En ce sens, les développements technologiques et numériques modernes ainsi que leurs conséquences l’auraient passionné. Internaute avant l’heure, le philosophe utilisait son esprit comme aujourd’hui nous utilisons le web : « J'ai prisl’habitude d’arranger mes figures dans ma tête, comme si elles étaient sur la toile […] je les y transporte, et que c’est sur un grand mur que je regarde quand j’écris… » (Salon de 1765).
Sur la grande toile de l’esprit de Diderot, isolons trois preuves parmi d’autres de son incomparable actualité, qui font de lui un génie de l’écran : le philosophe inventa au milieu du XVIIIe siècle à la fois Wikipedia, le cinéma, et l’art moderne.

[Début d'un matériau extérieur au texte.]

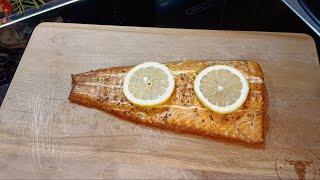 Gesmokter Lachs vom Smoker / Grill - JochensBBQ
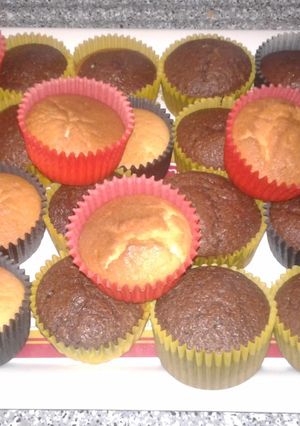 Una foto de Muffins caseros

Diderot consacra près d’un tiers de sa vie à la direction et à la rédaction de l’Encyclopédie. Le projet fut entamé avec d’Alembert, mais ce dernier ne conduira pas jusqu’au bout une entreprise dont les difficultés deviendront bien vite quasi insurmontables Ce projet complètement fou, à l’ambition démesurée avait dans son ADN ce qui a fait le succès de Wikipedia.
Il suffit pour cela de relire le titre complet de l’Encyclopédie :Encyclopédie, ou Dictionnaire raisonné des sciences, des arts et des métiers. Par une société de gens de lettres. Ce titre montre que le projet encyclopédique a pour but de compiler non seulement tout le savoir sur les sciences et les arts, mais sur les métiers aussi : donc de reconnaître l’importance du savoir pratique et théorique, et cela dans tous les domaines, y compris techniques. Les onze volumes d’illustrations ou « Planches » sont à ce sujet révélateurs : ce sont des gravures permettant aux utilisateurs de l’Encyclopédie de voir le fonctionnement de quantité d’outils, de produits, de techniques.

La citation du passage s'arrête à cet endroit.